◆ Your task ◆
From the line containing "37901 Pebble Lake" through the last line of the records below, each line is to be repeated exactly; pictures are to be omitted.

^^^^^^^^^^^^^^^^

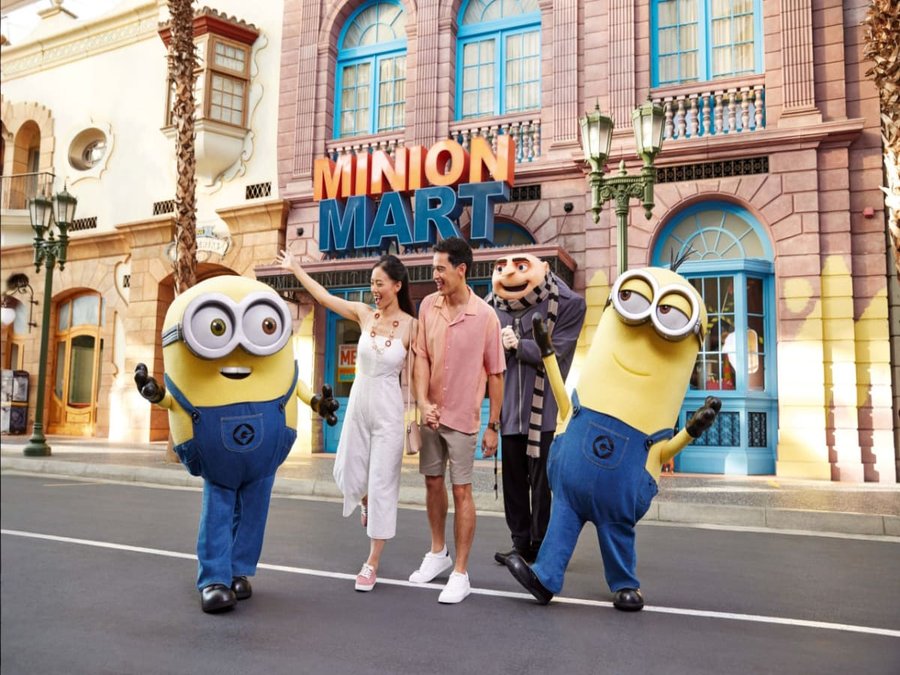 Universal Studios Singapore RaynaTours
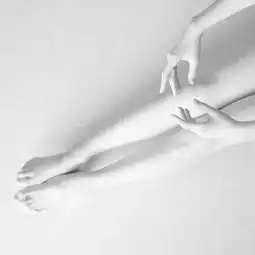 日本女摄影师镜头下的佛系摄影,清心寡欲的少女人体优雅
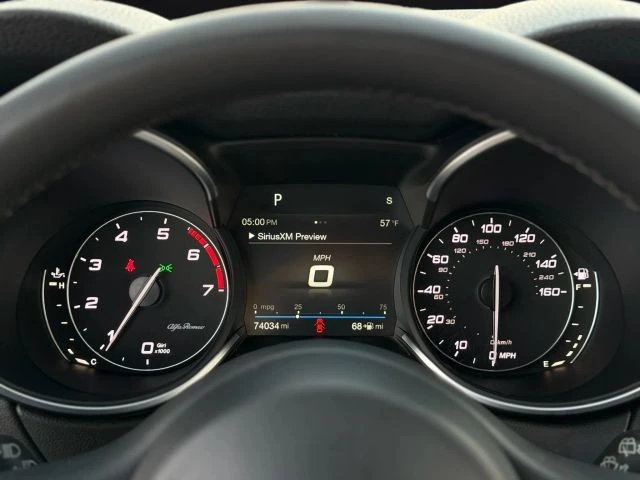 2018 Alfa Romeo Stelvio - Image 18 of 21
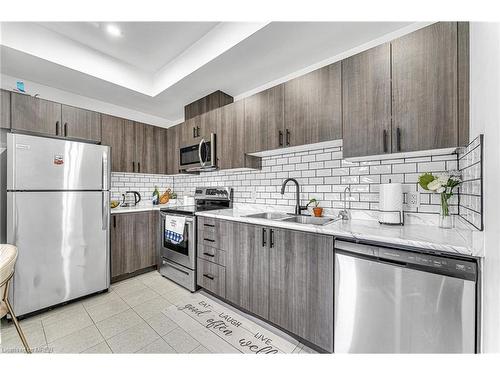 2722 William Jackson Drive, Pickering, ON - Indoor Photo Showing Kitchen With Stainless Steel Kitchen With Double Sink With Upgraded Kitchen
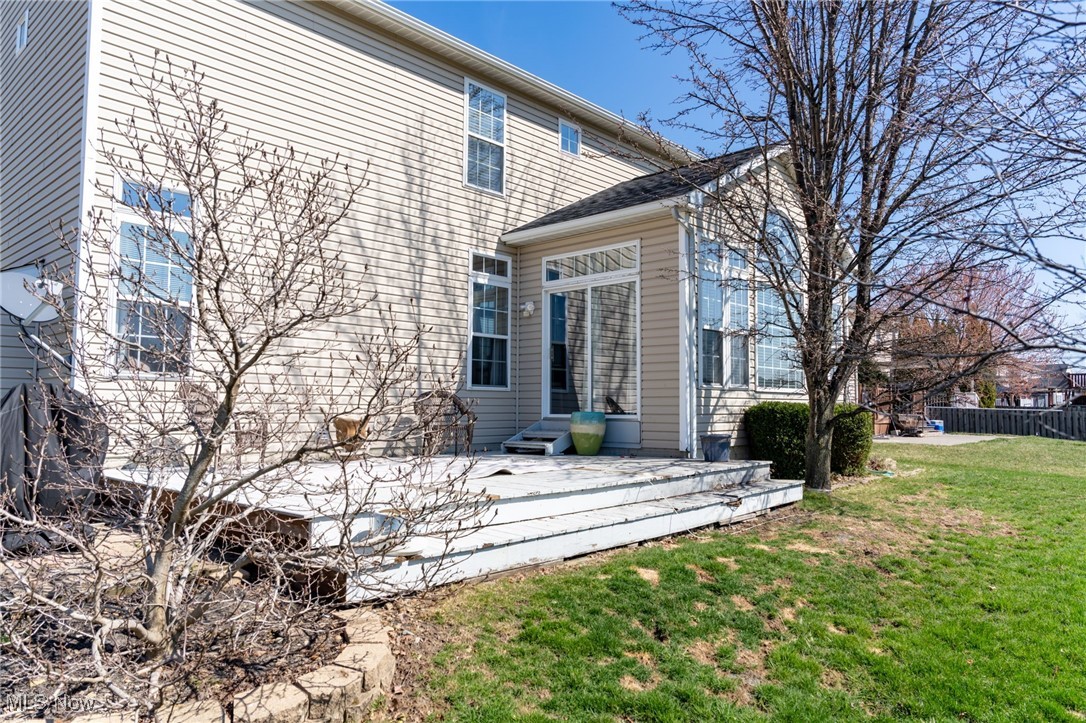 37901 Pebble Lake Trail, North Ridgeville, Ohio image 25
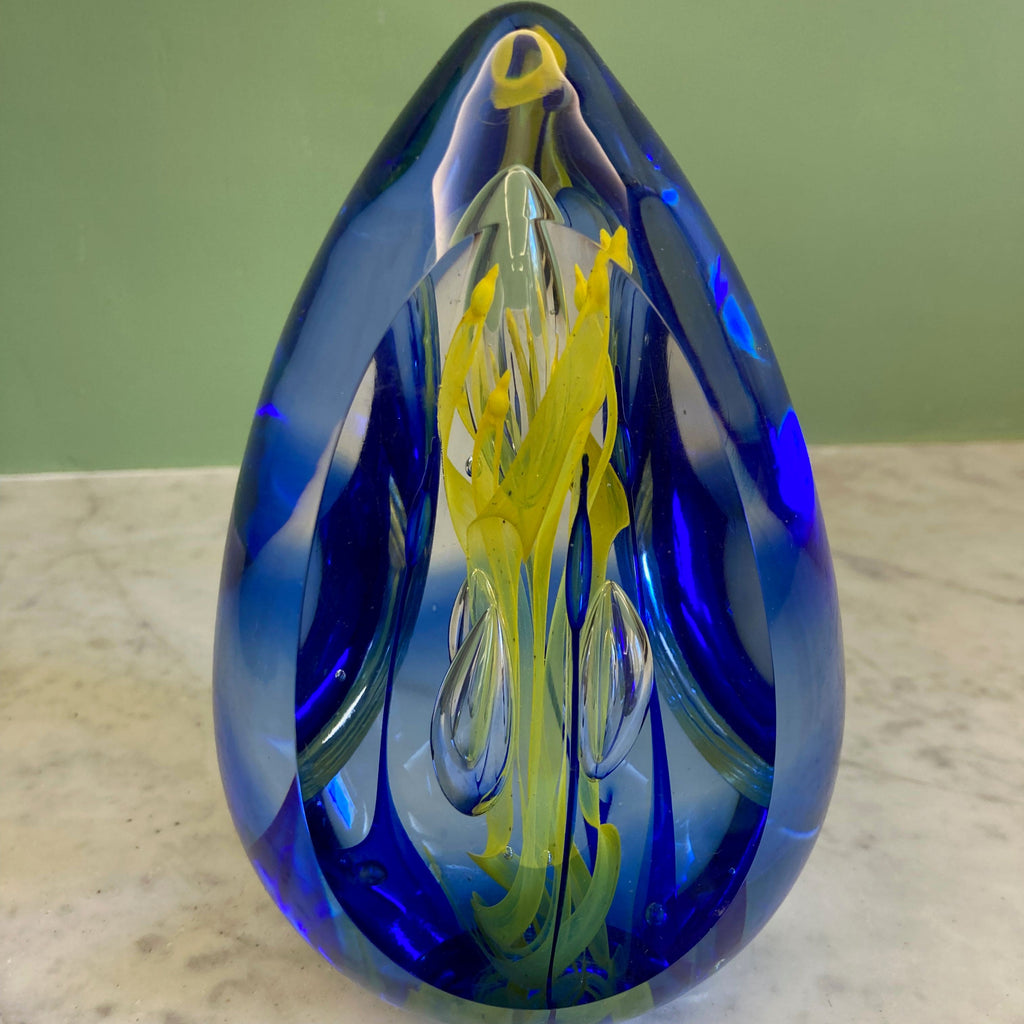 Presse papier en verre soufflé de Remigijus Kriukas dit Remis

^^^^^^^^^^^^^^^^

◆ Written response ◆
 37901 Pebble Lake Trail, North Ridgeville, Ohio image 25
 Presse papier en verre soufflé de Remigijus Kriukas dit Remis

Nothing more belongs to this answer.